In Koisdorf im Saal des Dorfgemeinschaftshaus Wendelinus gab es die üblichen Ehrungen und Beförderungen. Im Mittelpunkt standen natürlich die zahlreichen Auswirkungen der Flutkatastrophe vom Juli des Jahres. Die entfesselte Flutwelle der Ahr hatte auch in Sinzig massive Auswirkungen gehabt und brachte zahlreiche teils sehr unangenehme Konsequenzen mit sich. Ein kleines Detail: das sonst bei diesem Anlass so gern genutzte offizielle Rednerpult der Stadt war ein Opfer der Fluten geworden. Das Einsatzboot der Wehr handelte sich beim harten Einsatz in der Flutnacht derartig viele Beulen und Schäden ein, dass eine Reparatur wirtschaftlich nicht mehr möglich ist. Da steht eine Neuanschaffung an. Eine langfristige Konsequenz für die Wehr. Der Neubau des Feuerwehrgerätehauses auf dem Grundstück in der Kölner Straße, das ebenfalls überflutet wurde, liegt auf Eis. Sinzig oberster Feuerwehrmann, Bürgermeister Andreas Geron fand in dieser Hinsicht klare Worte. „Ich persönlich stehe nicht mehr hinter dem Grundstück in der Kölner Straße als Standort, das Wasser stand dort meterhoch“. Für die Wehr in Sinzig, die ja schon seit Jahren auf einen Neubau wartet, eine überaus bittere Erkenntnis. Denn nach jahrelangen Diskussionen um den Standort wird nun ein komplett neuer für das Gerätehaus gesucht. Dabei waren die Pläne gemacht, die Genehmigungen meist schon erteilt und auch das Vergabeverfahren angelaufen. „In diesen Tagen wären im Normalfall die ersten Bagger angerollt,“ so der Sinziger Bürgermeister. Der trug übrigens als Zeichen seiner Dankbarkeit und Anerkennung für die Leistungen der Wehr vor allen Dingen in der Fluchtnacht das neue Outfit der Feuerwehr. Ein flotter Freizeitanzug hat den bisher üblichen „biederen Kommunionsanzug in feuerwehrblau“ ersetzt.

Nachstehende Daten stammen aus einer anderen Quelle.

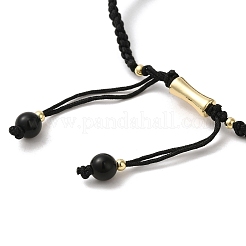 Natural Obsidian & Silver Obsidian & Picture Jasper Braided Bead Bracelet&nbsp;BJEW-C051-44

Wichtig zu wissen: die Einsätze bei der Flut sind in der Einsatzstatistik der Wehr übrigens nicht erfasst. Einerseits weil es eigentlich gar nicht möglich war die zahlreichen kleinen Einsätze überhaupt zu erfassen, andererseits spricht man in Kreisen der Wehr von einem einzigen Einsatz, der bis zur Erschöpfung der Wehrmänner fast 100 Stunden dauerte. Als Bürgermeister Andreas Geron die Wehrleute nach fast 100 Stunden Einsatz in eine Pause schickte, gab es massive Proteste, wie der Stadtchef in Koisdorf berichtete. Dennoch übernahmen Wehren aus fast ganz Deutschland die Ablösung der Einsatzkräfte vor Ort.

Beim diesjährigen Tag der Kameradschaft gedachte man den verstorbenen Kameraden:

Am 21. Januar 2020 verstarb aus dem Löschzug Bad Bodendorf Peter Scheuer im Alter von 85 Jahren.

Am 6. September 2020 verstarb aus der Löschgruppe Westum Alfred Schneider im Alter von 90 Jahren.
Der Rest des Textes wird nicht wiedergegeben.